Geradezu poetisch mutet die aus zehn Elementen bestehende Installation Physalis (1998-2000) des Japaners Katsuhito Nishikawa an. Scheinbar in einer zufälligen Konstellation vom Wind auf die Wiese getrieben, negieren die zehn Physalisfrüchte mit ihrer Leichtigkeit die Schwere des Materials, aus dem sie hergestellt wurden. Nishikawa künstliche Pflanzen sind aus strengen, geometrischen Elementen zusammengefügt und gegossen aus industriellem Beton.

Auch Pedro Cabrita Reis aus Portugal ist ein Künstler, der vielfach mit modernen Baumaterialien, Leuchtstoffröhren und Aluminiumrohren arbeitet. Seine Installation Blossom von 2023, konstruiert aus zahllosen, miteinander verbundenen Vierkantrohren, scheint zunächst keinem erkennbaren Ordnungsprinzip zu folgen und erinnert zugleich an einen genetischen Code, der die umgebende Natur reflektiert. Ein schönes Beispiel dafür, was den besonderen Reiz der Blickachsen ausmacht - das Zusammenspiel zeitgenössischer Kunst mit der gewachsenen Natur des historischen Kurparks und des Schlossparks.

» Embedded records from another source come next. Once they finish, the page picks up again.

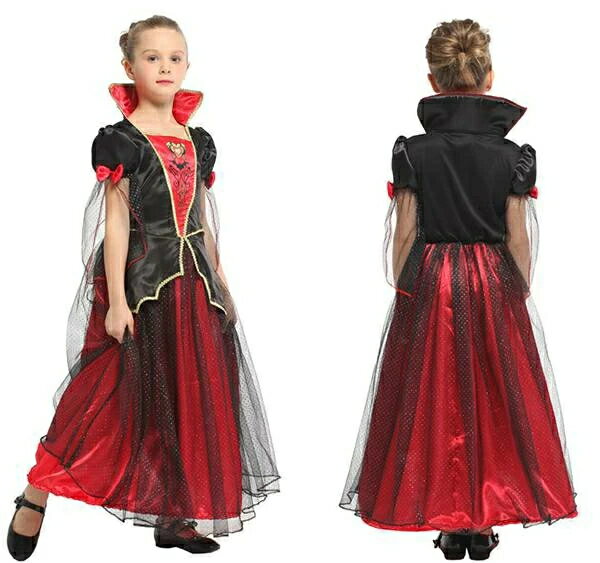 【​在​庫​処​分​】即納 ハロウィン女王/魔女 コスチューム コスプレ 仮装 女の子 コスプレ ウィッチ 子..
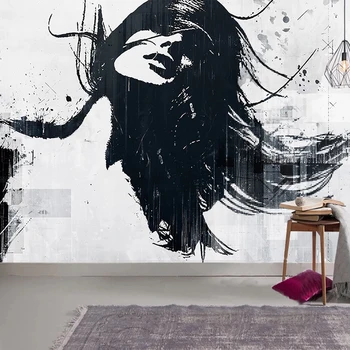 Custom Photo Mural 3D Wallpaper European Style Modern Abstract Hand Painted Ink Beauty Art Wall Painting Living Room Wall Paper
Custom Photo Mural 3D Wallpaper European Style Modern Abstract Hand Painted Ink Beauty Art Wall Painting Living Room Wall Paper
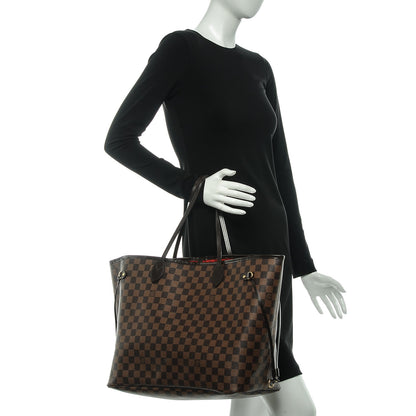Louis Vuitton Damier Ebene Neverfull GM 2 of 8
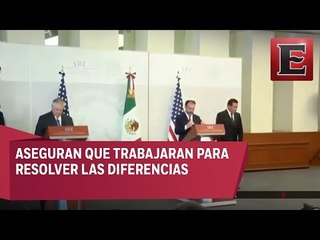 Descargar video: Funcionarios de México y EU reconocen complejidades en la relación bilateral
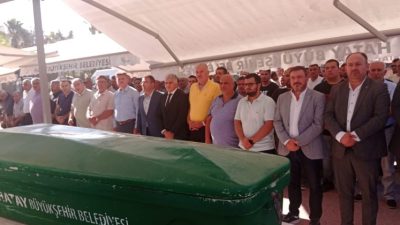 Antakyalı gazeteci ve Ekspres Gazetesi sahibi Bostan Yılmaz, baba acısı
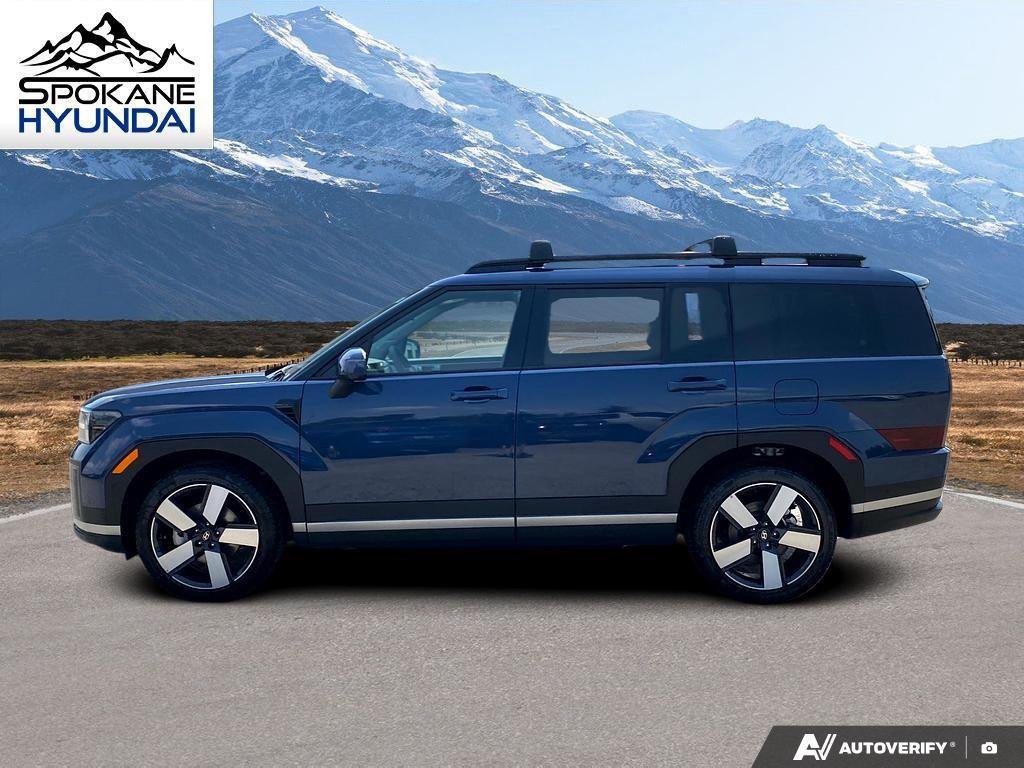 New 2026 Atlantis Blue Hyundai Limited 6P image 2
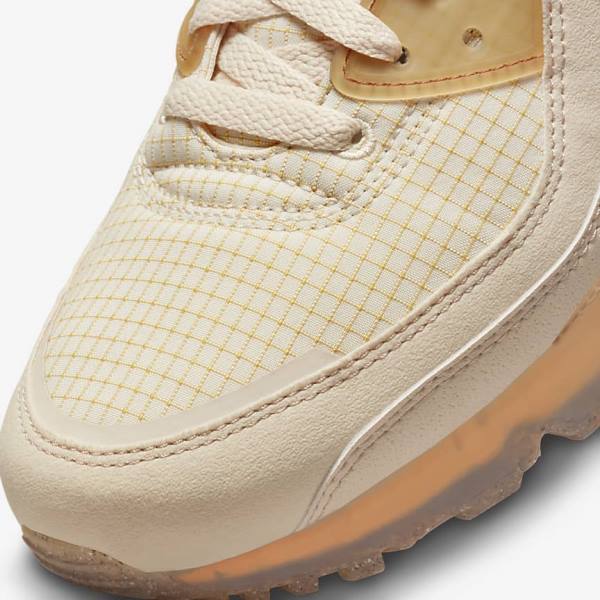 Zapatillas Nike Air Max Terrascape 90 Hombre Blancas Naranjas Rosas Amarillo | NK823WRB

Glänzende und polierte Kunststoff- und Aluminiumbrocken in einem anderen Teil der Parkanlage - ins Gras gefallen wie Meteoriteneinschläge aus einer anderen Welt. Es handelt sich dabei um zwei Trashstones (2017 und 2020) von Wilhelm Mundt. Der Kern dieser Trashstones besteht im Wesentlichen aus Überresten und Produktionsabfällen aus dem Atelier des Künstlers. Mundt verpackt diese Abfälle in seinen Arbeiten zu amorphen Gebilden mit unterschiedlichen Oberflächen und transformiert den Abfall zugleich in etwas Neues - so gesehen vielleicht die nachhaltigsten Skulpturen diese Ausstellung.

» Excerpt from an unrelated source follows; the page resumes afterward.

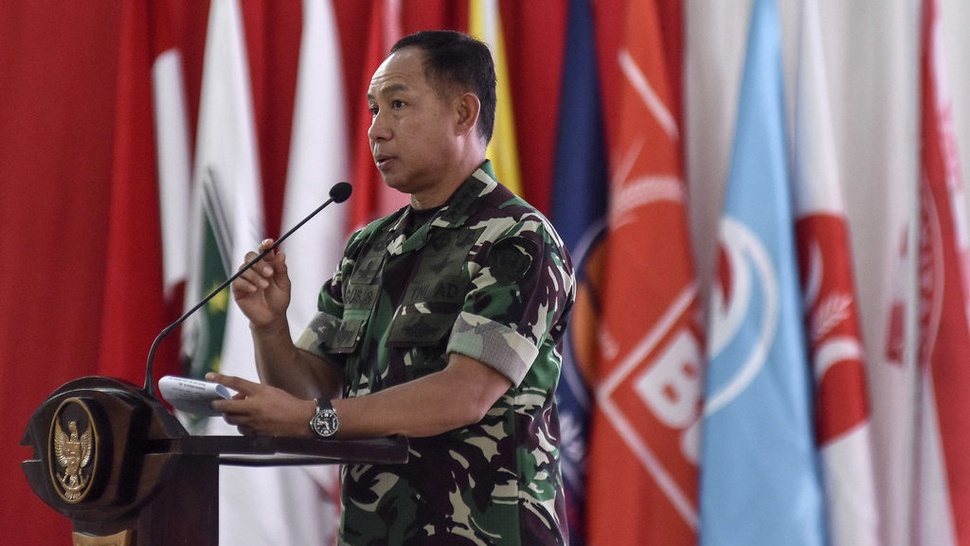 DPR Tak Masalah Calon Panglima TNI Punya Kedekatan dengan Jokowi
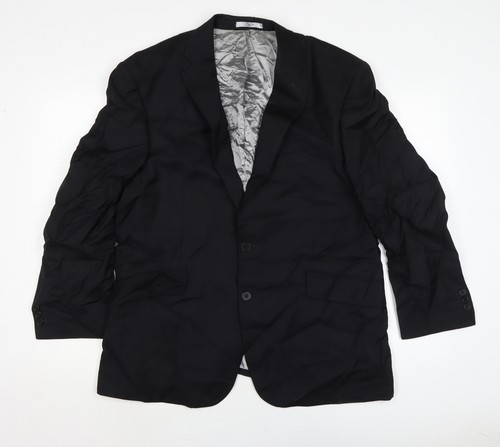 The label herren sakko - label, schwarz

Last, but not least seien noch die Bronzeskulpturen von Thomas Schütte bei der diesjährigen Skulpturenbiennale erwähnt, die sowohl durch ihre Höhe von vier Metern als auch durch ihre unglaubliche Dynamik beeindrucken. Die beiden Figurengruppen der United Enemies (2011) verwandeln die Wiese in eine Arena, in der jeweils zwei aneinander geschnürte und verknotete Figuren miteinander ringen. Mit wutverzerrten Gesichtern versuchen sie das Gleichgewicht zu halten und gleichzeitig voneinander loszukommen. Umsonst, die festen Fesseln halten sie zusammen. Sie sind unfähig sich zu trennen, unfähig allein zu stehen oder zu gehen. Und dieser Zustand wird Bestand haben, bis die Einsicht sie zur Versöhnung bringen wird.

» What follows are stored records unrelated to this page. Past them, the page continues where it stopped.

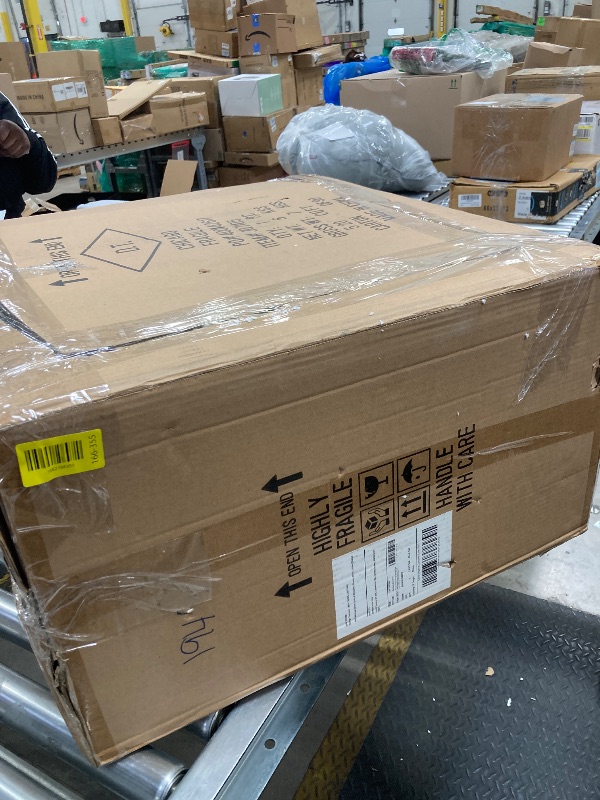 Photo 1 of ****BROKEN LEGS*****Design Toscano Big Rack Deer Buck Indoor/Outdoor Garden Decoy Animal Statue, 28 Inch Long, 24 Inch Tall, Cast Stone Resin, Brown Finish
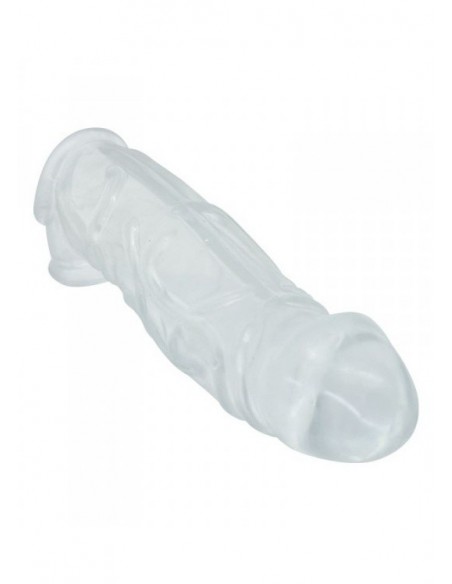 Przedłużenie Penisa Timeless Big And Real - Przedłużki i nakładki na penisa - 2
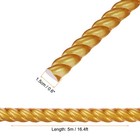 Peel And Stick Molding Trim For Walls 0 6  X 16ft Adhesive Strip Gold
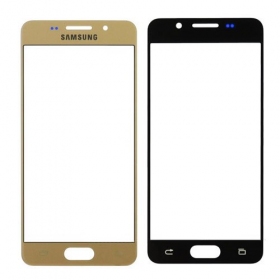 Samsung A310 Galaxy A3 (2016) Ekrāna stikliņš (zelta)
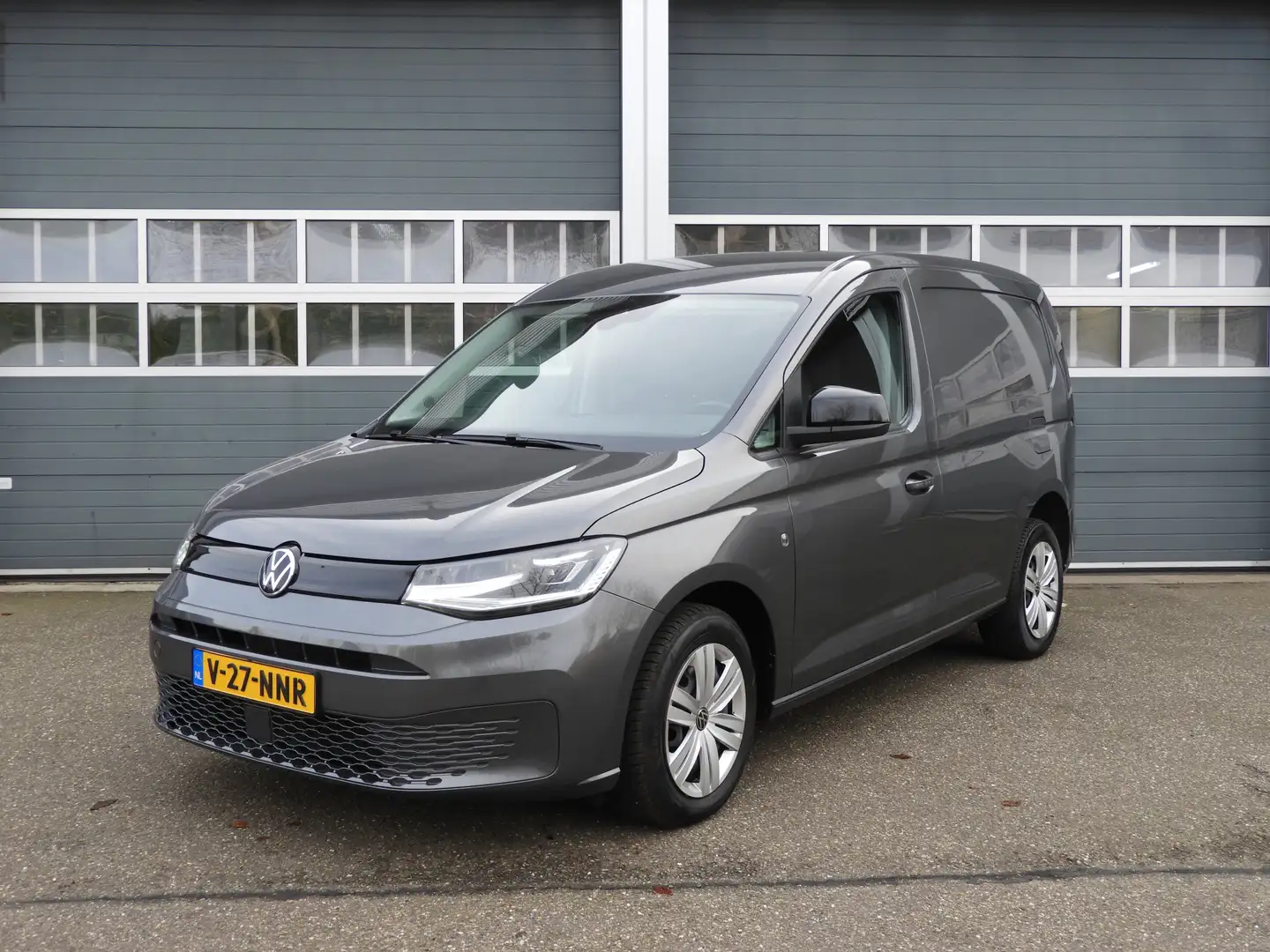 Volkswagen Caddy Cargo 2.0 TDI 122 PK DSG | LED | LEDER | CAMERA | Grijs - 1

Viele weiter Entdeckungen warten auf diejenigen, die sich aufmachen zu einem Spaziergang, um die Kunstwerke der Blickachsen 13 und die Natur der historischen Parkanlagen in Bad Homburg zu erkunden. Die Ausstellung Blickachsen 13 ist noch bis 01. Oktober 2023 im Kurpark und im Schlosspark von Bad Homburg zu sehen.